Sur le plan matériel, l’acquisition d’engins à faible empreinte carbone adaptés aux pistes forestières figure en bonne place. Les partenaires entendent favoriser un transfert technologique progressif, afin que l’entretien et la production de pièces détachées soient localisés à moyen terme dans la zone industrielle de Maloukou.
Gouvernance, transparence et ancrage financier
Conscient des exigences de bonne gouvernance des bailleurs, le ministère propose la création d’une unité centrale de gestion dotée d’un système d’information budgétaire totalement aligné sur la nomenclature du Trésor public. Un reporting trimestriel sera présenté à la Commission mixte Défense-Économie, assurant la traçabilité des dépenses et la conformité aux standards internationaux.
Le financement initial, estimé à dix-huit milliards de francs CFA pour la phase de démarrage, mobilise une combinaison d’enveloppes nationales et de guichets onusiens. À terme, l’objectif est d’autofinancer 40 % des coûts par la commercialisation de prestations de génie civil auprès d’agences publiques et de sociétés minières opérant dans le nord du pays.
Rayonnement régional et diplomatie des infrastructures
Au-delà des frontières congolaises, ce projet conforte l’image d’un Congo promoteur de solutions de paix par le développement. Dans un contexte de reconfiguration sécuritaire du bassin du Congo, la capacité à déployer rapidement des ponts modulaires ou des unités de pompage mobile peut devenir un atout pour les missions de la Communauté économique des États de l’Afrique centrale, voire pour les opérations de soutien à la paix de l’Union africaine.
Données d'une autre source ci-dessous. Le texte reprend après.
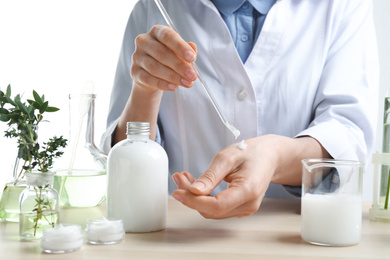 Photo of Woman applying natural cream onto hand in cosmetic laboratory, closeup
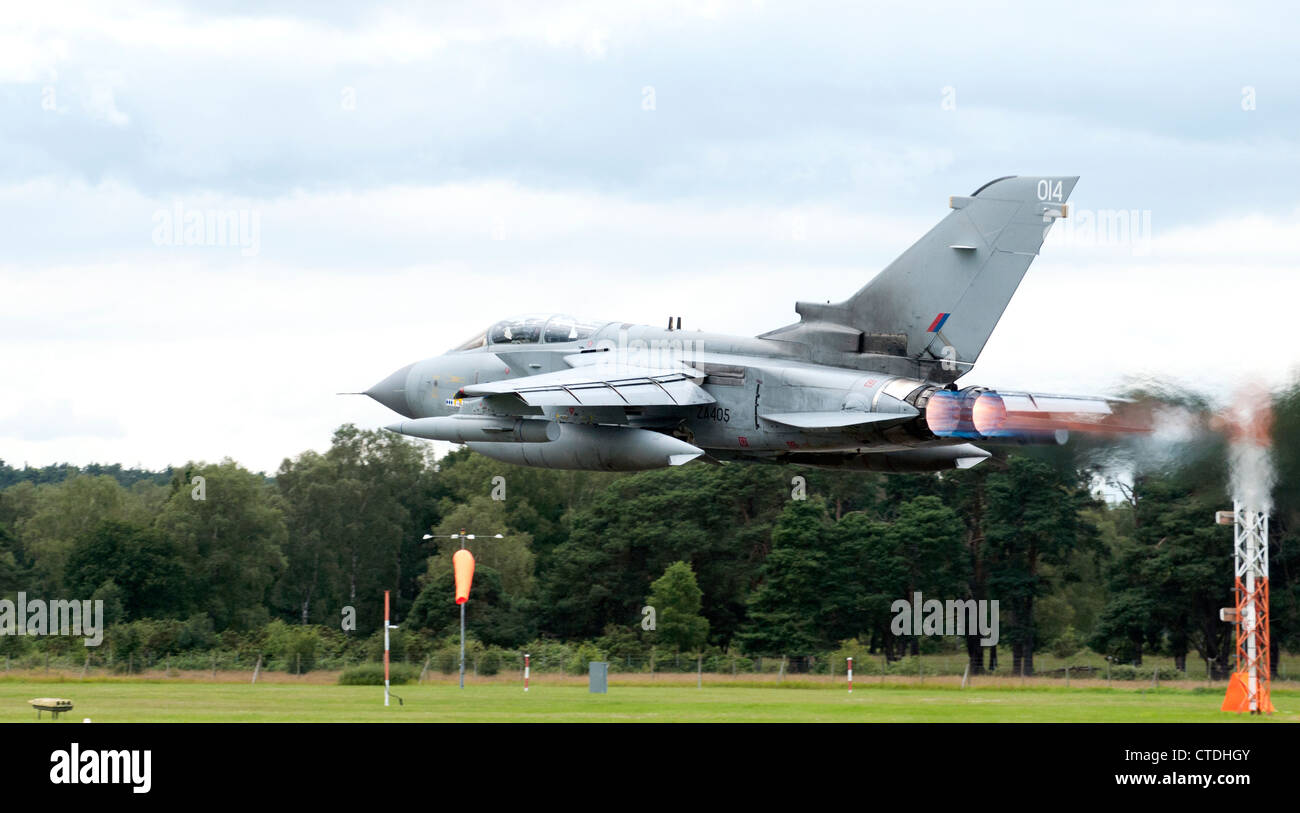 RAF Tornado jet flying very low with afterburners on Stock Photo
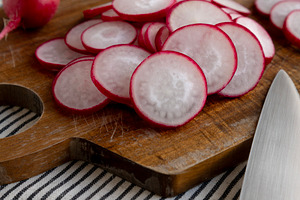 Raw Red Radish Slices on a Cutting Board, side view., a Food & Drink Photo by LiudmylaChuhunova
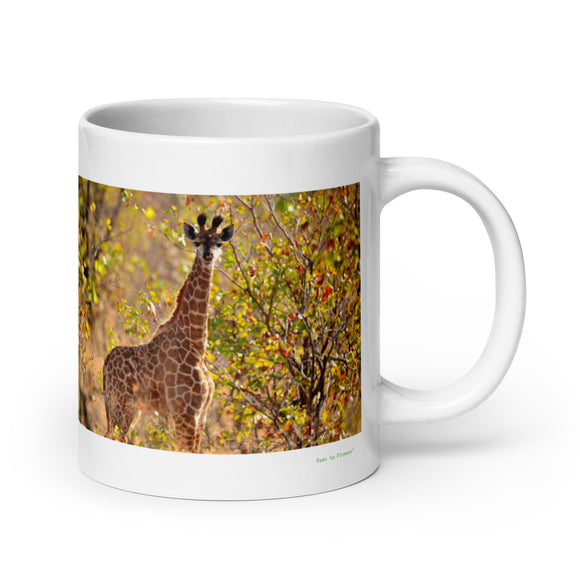 20 oz. white ceramic giraffe mug showing a giraffe in its natural habitat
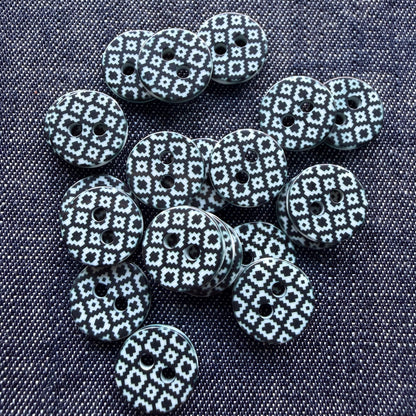 Whimsical patterned plastic shirt buttons in six prints on denim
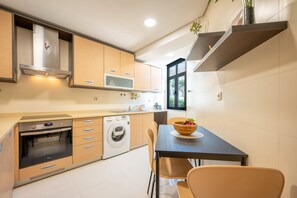 Eine moderne Küche mit eingebauten Geräten, ein Essbereich mit Tisch und Stühlen sowie ein Fenster, das natürliches Licht hereinlässt.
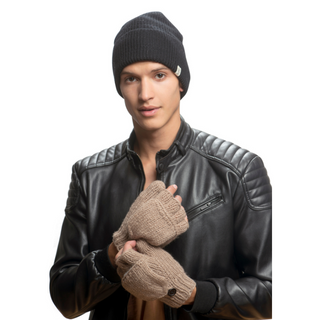A person wearing a black beanie, black leather jacket, and beige Fingerless Gloves With Button Flap and Fleece Lining holds the zipper of their jacket with one hand while the other hand is clenched. The background is plain white.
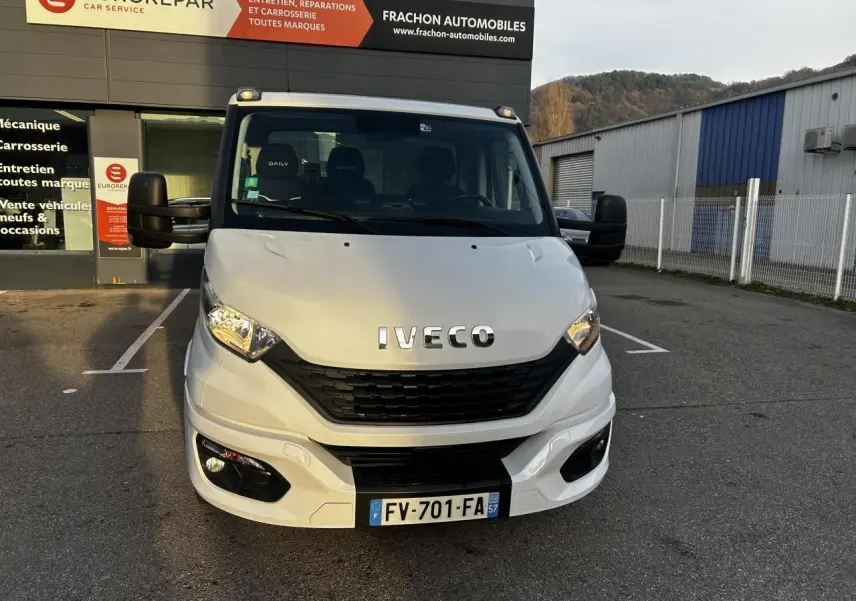 Vue de face d'un utilitaire Iveco Daily blanc immatriculé en France, stationné devant un garage Eurorepar.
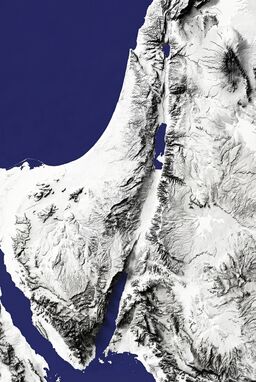  A stark black-and-white relief map — no unnecessary shading — just sharply rendered valleys and ridges, relying on shadow play for topographic depth. Looks like a high-end art print more than a traditional map. Use color sparingly to indicate water.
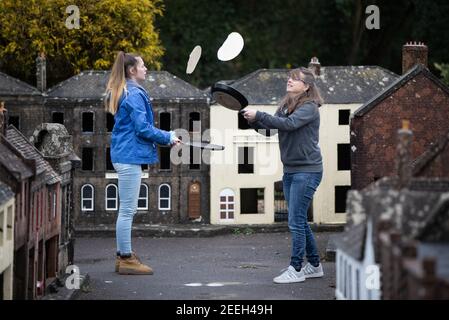 I volontari di madre e figlia Niki (a destra) e Rachel praticano la loro frittella lanciandosi nelle strade della città modello di Wimborne e dei giardini mentre prendono parte alla corsa virtuale delle frittelle di Wimborne Minster. Data immagine: Martedì 16 febbraio 2021. Foto Stock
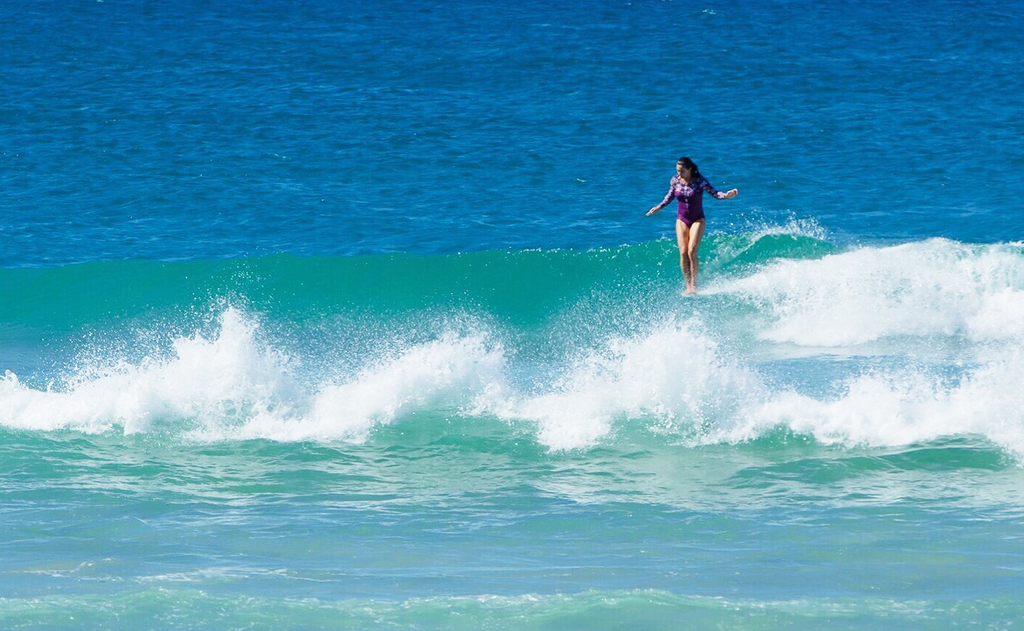 longboarder hanging ten in the Lafitenia Surfsuit Lore of the Sea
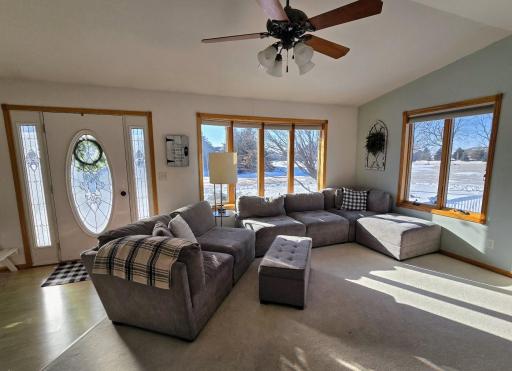 Living room has vaulted ceiling, plenty of natural sunlight & ceiling fan.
Plusieurs chancelleries à Brazzaville voient déjà dans cette initiative un vecteur de coopération sud-sud. Un diplomate d’Afrique australe confie : « Cette unité pourrait demain intervenir en appui à la reconstruction post-catastrophe chez ses voisins, renforçant la solidarité régionale tout en valorisant l’expertise congolaise. »
Cap sur la mise en œuvre
La feuille de route prévoit une validation interministérielle avant la fin de l’année, suivie du recrutement des premiers contingents au premier semestre 2024. Pour le ministre Mondjo, « il s’agit moins de créer une nouvelle structure que d’insuffler une culture d’efficacité dans nos interventions d’urgence et nos projets d’infrastructures ».
Si le calendrier est respecté, les premiers chantiers pilotes – ouverts de routes secondaires dans le Kouilou et électrification rurale autour de Zanaga – devraient démarrer dès la saison sèche prochaine. L’exécution effective de ces étapes sera scrutée par les observateurs internationaux, tant elle cristallisera la capacité du Congo à coupler ambitieux discours et résultats tangibles.
Perspectives et ligne d’horizon
En se dotant d’un génie travaux modernisé, la République du Congo affirme une volonté de mutualiser défense, développement et diplomatie. Portée par un partenariat étroit avec le PNUD, la stratégie ouvre des perspectives de croissance inclusive et de valorisation du capital humain local, tout en consolidant la stabilité intérieure. Le pari est audacieux : faire de l’ingénierie une arme non seulement au service du territoire, mais aussi de l’influence congolaises sur la scène régionale.